Nacho Libre is a funny movie you desperately want to embrace with your heart and funny bone, but the film never lives up to its potential of being a classic silly comedy, so you want to put the writers and director in a headlock.  Writers Jerusha Hess and Bill White, along with co-writer/director Jared Hess, don’t give Black and the rest of the cast enough material to make the movie amazing.  Even though they understand which elements need to be in the story, Nacho Libre has a very straight forward, simple, but flat plot that never grows complicated enough to demand the audience’s attention.  The movie needs more humor and better development of the smaller subplots and characters, and less jokes about farting.   

To make this type of movie appreciable, the writers have to immerse themselves in every nuance and minor detail because that's where the funny stuff comes from.  In Nacho Libre, it feels like they didn't want to try that hard (it’s easy to take the money for writing a script, it’s hard to put together a good one).  For example, you have probably seen the commercials where Nacho and Esqueleto train for their big matches with a strange regime that includes trying to avoid a bull, or shooting arrows at each other.  It’s a funny sight gag, but could be so much better if Nacho had some dialogue explaining why they are doing this as some sort of old school training program that the greats used to follow back in the day (complete with pictures and stories from magazines Nacho has saved over the years).  This kind of exposition would add some flavor to the scenes, show us how much Nacho has studied wrestling for this moment, and make the characters seem even sillier. Instead, White and the Hesses take the easy way out and go for the quick, cheap laugh hoping the audience will guffaw because Nacho and his buddy are doing something stupid.
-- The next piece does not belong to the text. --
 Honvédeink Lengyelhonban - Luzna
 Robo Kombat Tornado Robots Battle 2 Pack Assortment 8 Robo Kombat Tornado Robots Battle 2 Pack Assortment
This happens time and time again as we never learn much about Esqueleto and his dreams, or what experiences Sister Encarnacion has been through to make her want to fall for Nacho.  Other sub-plots are hinted at, but never developed like a rivalry between Nacho and the leading wrestler in Mexico or the other man who is vying for Sister Encarnacion’s affection and how Nacho can try to win her over.  While the Hesses and White redeem themselves with several hilarious wrestling matches full of physical comedy and outrageous characters, they still owe an apology to Black for failing to give him the material his performance deserves.

My hate for Black has been well known (I was the guy who called him Bill Murray without the talent), but he has won me over with King Kong and this film.  In Nacho Libre, Black displays some of his best characterization ever as he becomes Nacho with a believable, yet, funny and inoffensive accent, weird hairdo and an approach that makes us laugh at how seriously Nacho takes all of this stuff, to the point his obsessive nature is silly.  With the cadence of his voice and the way he physically carries himself and poses, Black makes Nacho feel like a traditional folk hero in the spirit of Bruce Lee or someone out of a Kurosawa movie.  It is a brilliant performance wasted on average material that relies too much on potty humor and not enough on dialogue and exploitation of the situation.               

Nacho Libre is sure to make you laugh, but not as much as you should.